[Captioned web images]
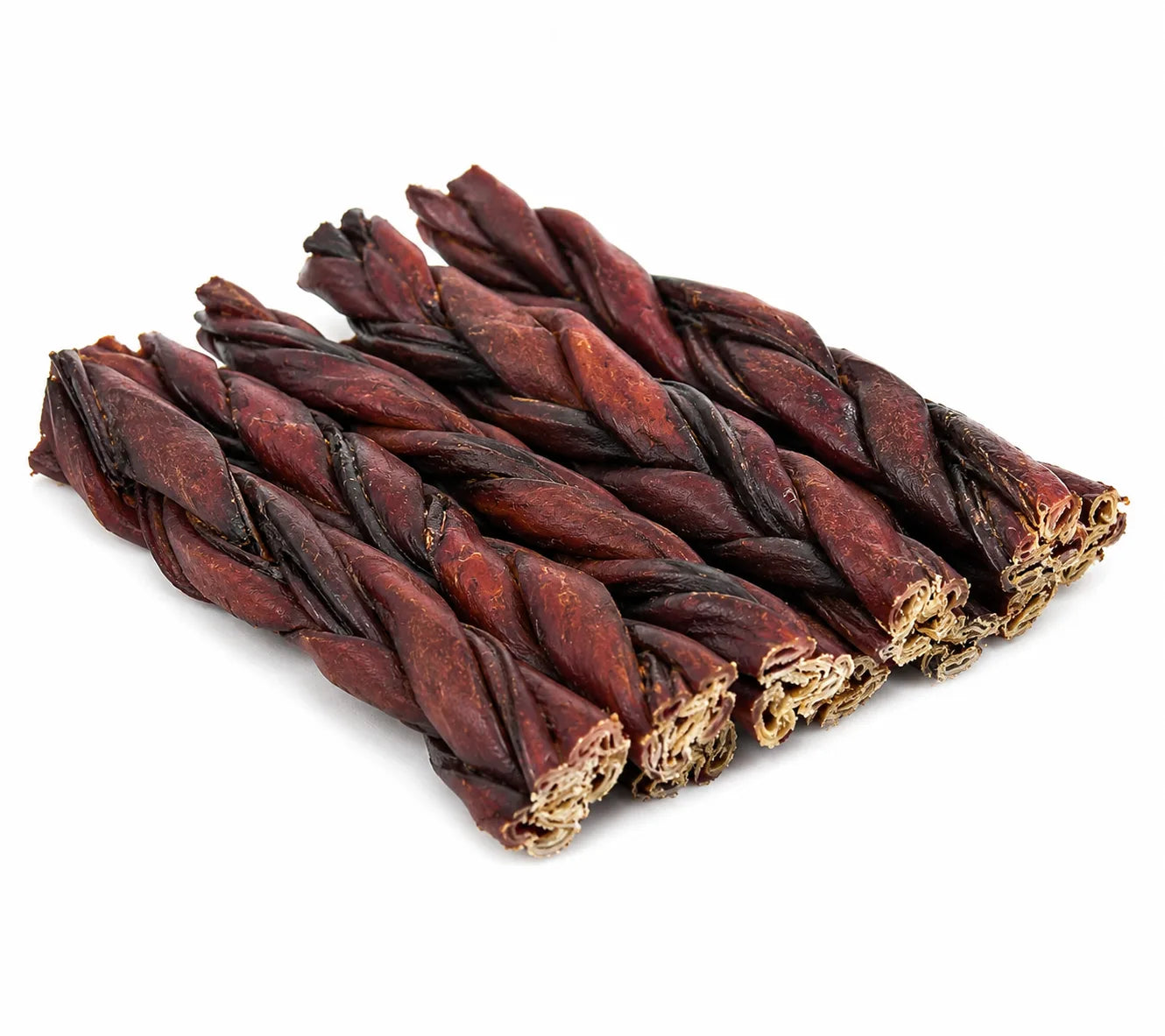 Natural beef braid collagen chew for dogs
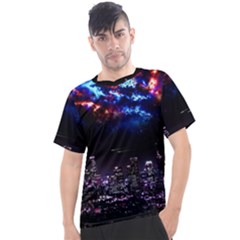 Science-fiction-sci-fi-forward Men s Sport Top by Cowasu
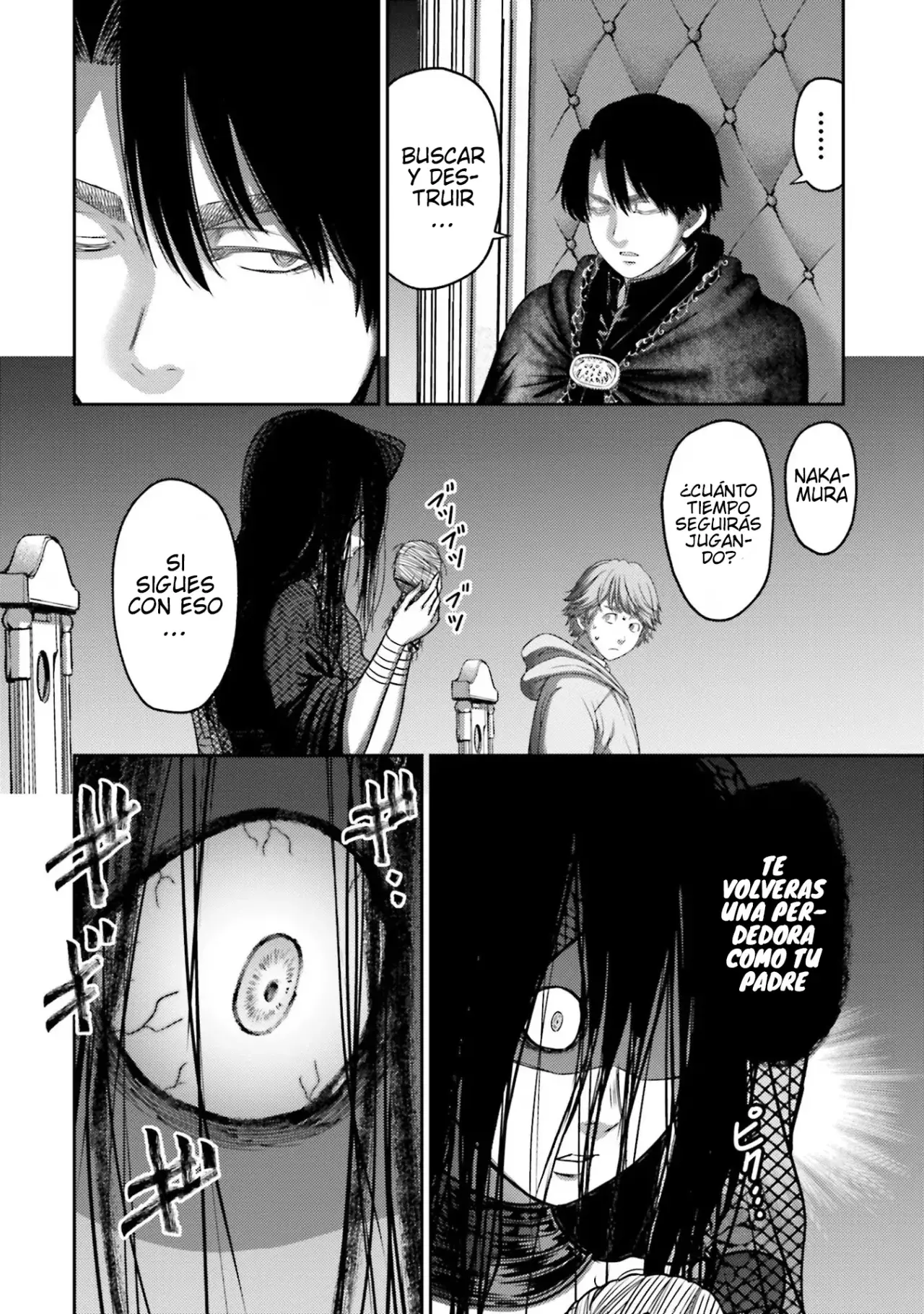 Buta no fukushu capítulo 29 página 12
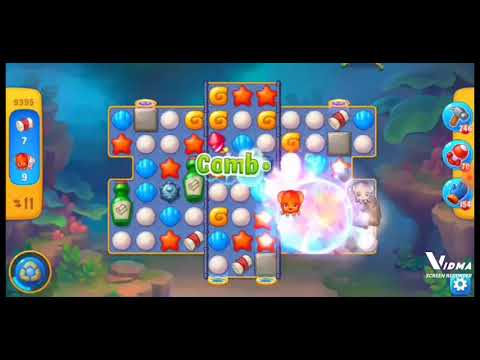 Fishdom. 9395 level no boosters and diamonds. 17 moves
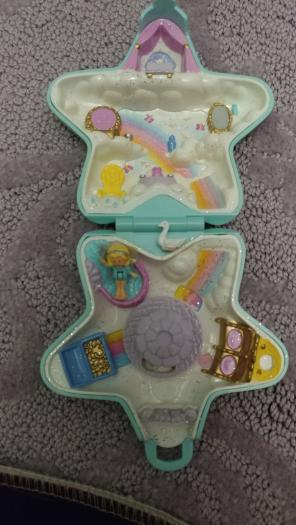 1992 Polly Pocket Fairy Wishing World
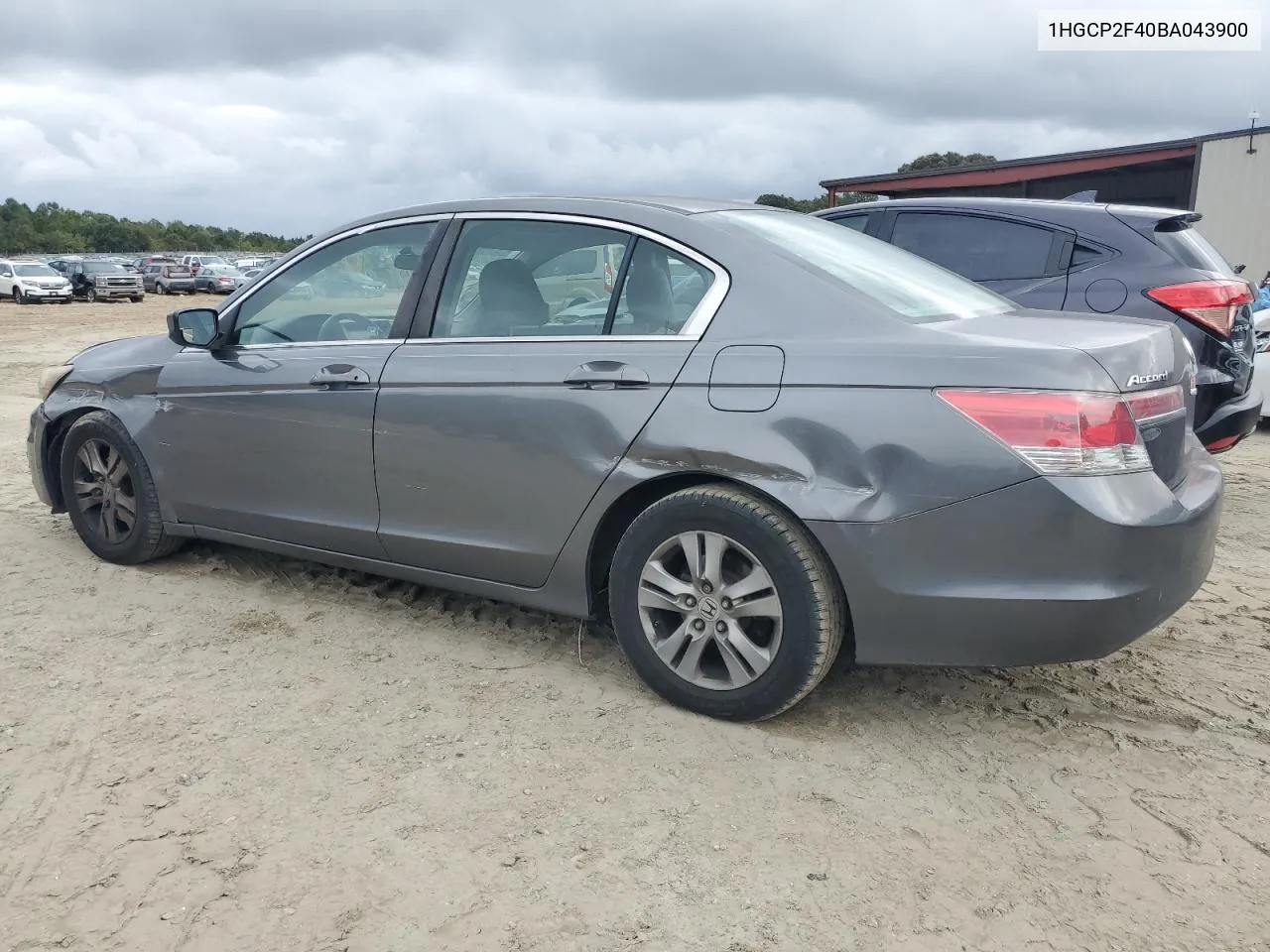 2011 Honda Accord Lxp VIN: 1HGCP2F40BA043900 Lot: 73569734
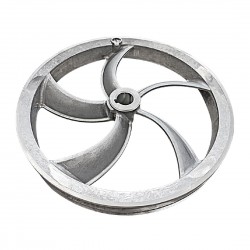 Polar poelie rubber - reserveonderdeel voor UA034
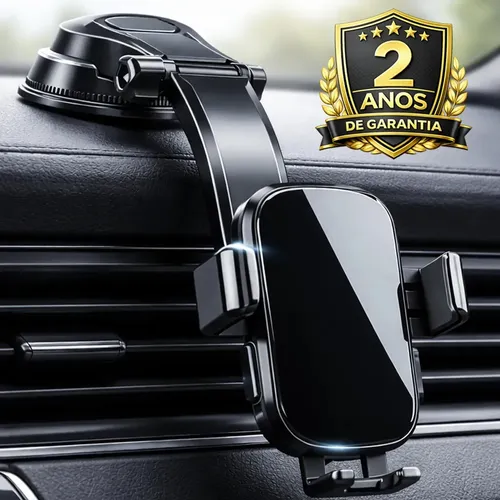 Suporte De Celular Veicular Automotivo Pra Carro Mesa Porta Painel Parede Caminhão Vw Up Jetta Volkswagen Ônix Corolla Gol Universal Ayann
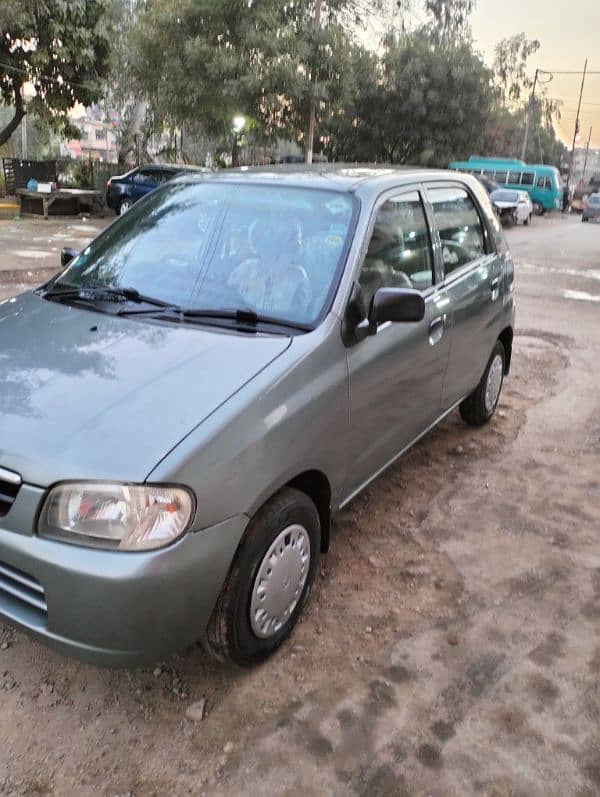 Suzuki Alto 2012 total genuine 0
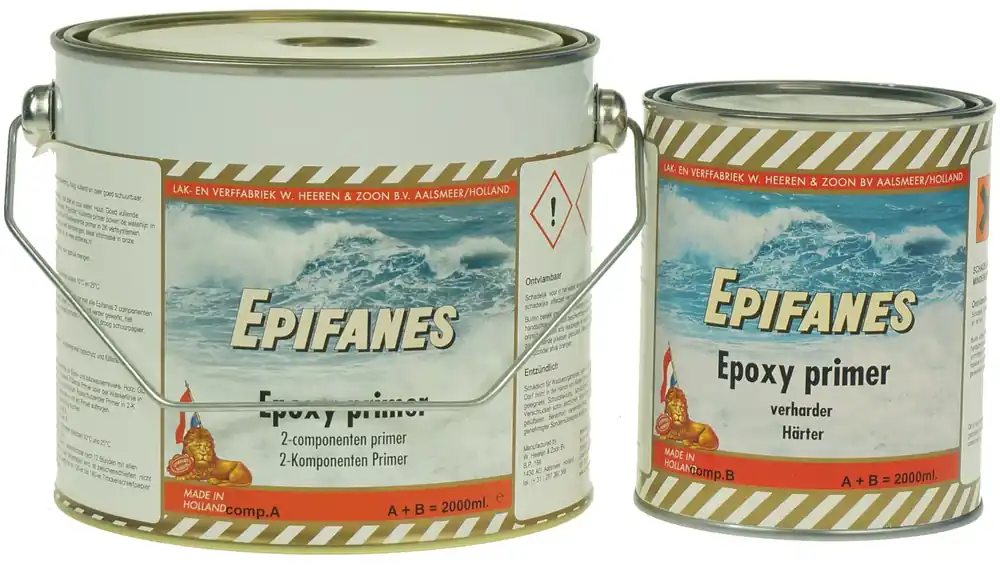 epifanes epoxy primer (wit) 2 liter Bestseller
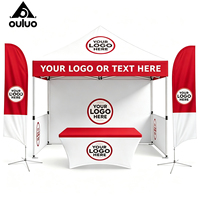 Tente publicitaire personnalisée avec logo pour événements extérieurs, 10x10, impression numérique, cadre en aluminium, toile Oxford, pour salons professionnels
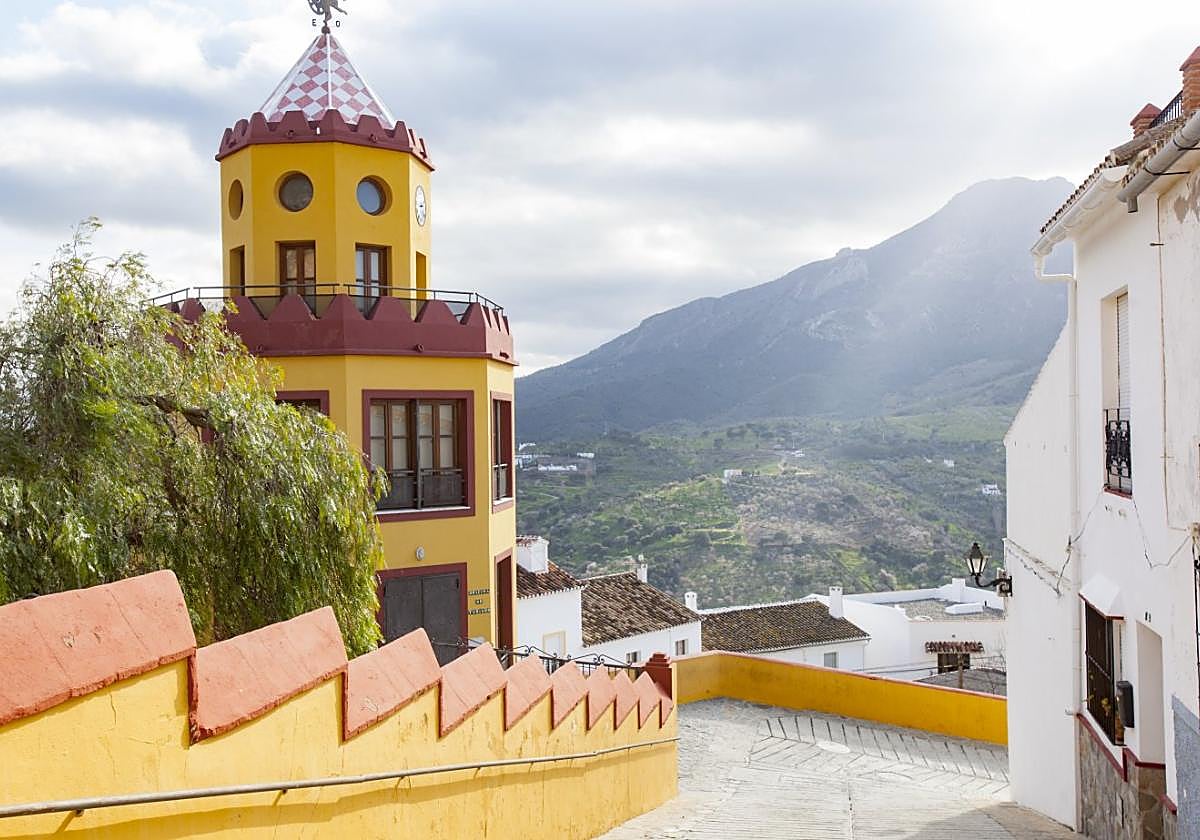 Carratraca: A spring with curative waters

-- THE TASK --
Leaving the pictures aside, copy exactly and only the lines from the one holding "1992 Polly Pocket Fairy Wishing World" through the final line of the data, both ends kept.

-- EXERCISE RESPONSE --
 1992 Polly Pocket Fairy Wishing World
 2011 Honda Accord Lxp VIN: 1HGCP2F40BA043900 Lot: 73569734
 Polar poelie rubber - reserveonderdeel voor UA034
 Suporte De Celular Veicular Automotivo Pra Carro Mesa Porta Painel Parede Caminhão Vw Up Jetta Volkswagen Ônix Corolla Gol Universal Ayann
 Suzuki Alto 2012 total genuine 0
 epifanes epoxy primer (wit) 2 liter Bestseller
 Tente publicitaire personnalisée avec logo pour événements extérieurs, 10x10, impression numérique, cadre en aluminium, toile Oxford, pour salons professionnels
 Carratraca: A spring with curative waters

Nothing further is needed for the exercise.